RQ3: (Preliminarily) Does physiology-based difficulty adaptation result in a positive user experience? High offline classification accuracy is not guaranteed to transfer to accurate real-time difficulty adaptation (Fairclough, Karran, & Gilleade, 2015; McCrea, Geršak, & Novak, 2017). For example, there is more potential for erroneous adaptation decisions since artefacts that can be easily manually removed in offline processing cannot be quickly removed during gameplay itself; at the same time, users may be able to compensate for erroneous decisions made by the system by adapting their own behavior (Fairclough & Lotte, 2020). Our original goal was to compare the effectiveness of physiology-based adaptation to that of performance-based adaptation similarly to what has previously been done in single-user studies (Bian et al., 2019; C. Liu et al., 2009; Xu et al., 2018); however, as data collection was interrupted by COVID-19, we have limited ourselves to demonstrating the technical feasibility of providing a positive user experience using physiology-based adaptation. Performance-based adaptation was included as a baseline for qualitative comparison.
A preliminary version of this study was published as a 2019 conference paper (Darzi & Novak, 2019). It used the same study setup (hardware and competitive game) as the current paper. The differences between this paper and the preliminary conference version are as follows:
The conference version included no closed-loop adaptation, though such adaptation was mentioned briefly as a future step. The current version includes closed-loop adaptation based on individual physiological responses and physiological linkage, with simple performance-based adaptation also included as a baseline for comparison.

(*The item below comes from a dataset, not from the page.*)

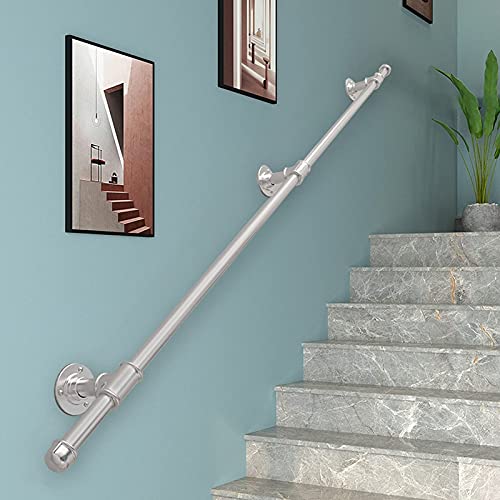 Rampe d'escalier extérieure argentée pour éviter les chutes sur vos marches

The conference version included only preliminary open-loop classification (two classes, only a subset of the classifiers and features used in this paper). The current version includes both two- and three-class classification with a larger set of classifiers and features. Furthermore, the current version describes the most informative features in classification.

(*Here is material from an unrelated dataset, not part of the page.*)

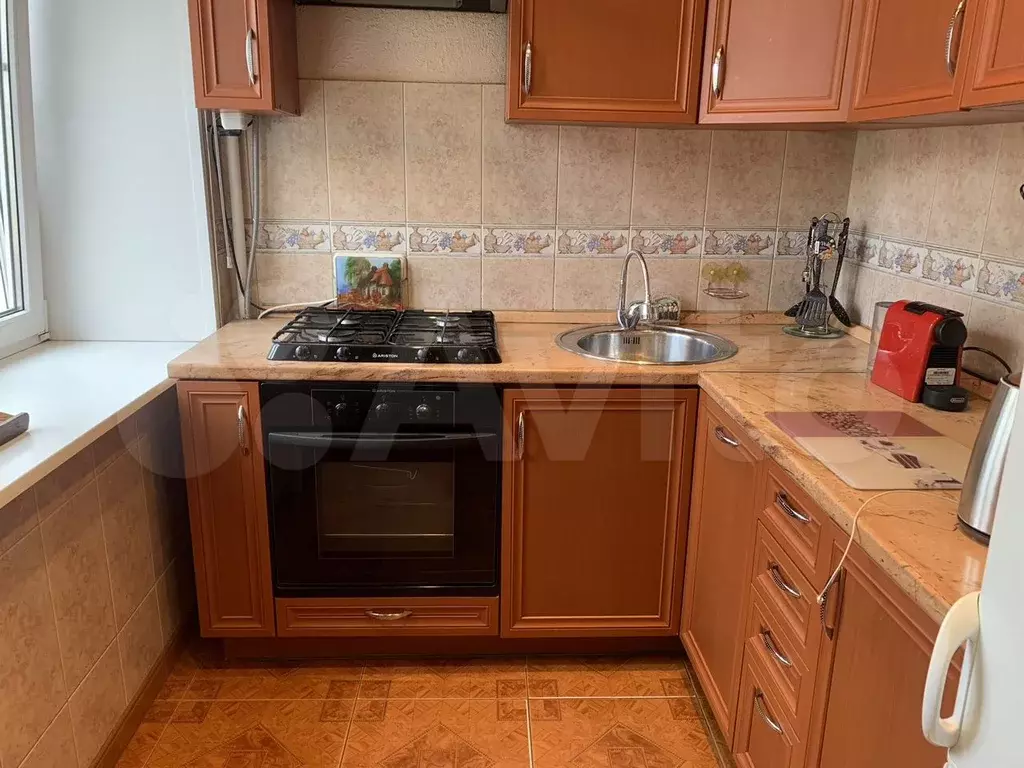 3-к. квартира, 56 м, 4/9 эт. - Фото 0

The conference version included more extensive analysis of group-level differences using analyses of variance to verify that different game difficulty levels induce different physiological responses. This has been omitted from the current paper, as we wished to focus more on classification and adaptation.
The conference version included a somewhat smaller open-loop participant sample (12 pairs vs. 16 in the current paper).
2. Methodology
This paper describes two related studies: an open-loop study used to train affect classification algorithms for a competitive scenario based on two participants’ physiological responses, and a closed-loop study where difficulty adaptation based on this affect classification was compared to performance-based adaptation. Both studies were approved by the University of Wyoming Institutional Review Board. Section 2.1 presents the study hardware and setup, which was identical for both studies. Section 2.2 presents the open-loop study protocol. Section 2.3 presents the individual physiological features extracted from each participant’s raw signals (i.e., without considering the other participant) while section 2.4 presents the physiological linkage features extracted from both participants’ time-synchronized signals. Section 2.5 then presents the methods for affect classification into two or three classes using the extracted features. Finally, section 2.6 presents the closed-loop study protocol.
2.1. Study Setup
The competitive scenario was a 2-player game previously used by our group (Goršič, Cikajlo, et al., 2017) (Figure 1). It is a computer-based Pong game displayed on a standard computer screen and controlled with two joysticks (3D Pro, Logitech). The screen shows a two-dimensional board with a puck and two paddles (one at the top, one at the bottom). Each player controls one paddle and can move it left and right (but not up or down) with their joystick. The puck moves around the screen with a constant velocity, and each player must intercept it with their paddle so that it does not reach the top or bottom of the board. If the puck passes a player’s paddle and reaches the top or bottom of the board, the other player scores a point and the puck instantly moves in front of a random player’s paddle, where it remains stationary for a second before moving toward the other player’s side of the board. The game difficulty can be changed by increasing or decreasing the ball speed and the paddle sizes.
Figure 1.

The study setup for both the open-loop and closed-loop studies. Figure reprinted from our prior publication (Darzi & Novak, 2019) with permission.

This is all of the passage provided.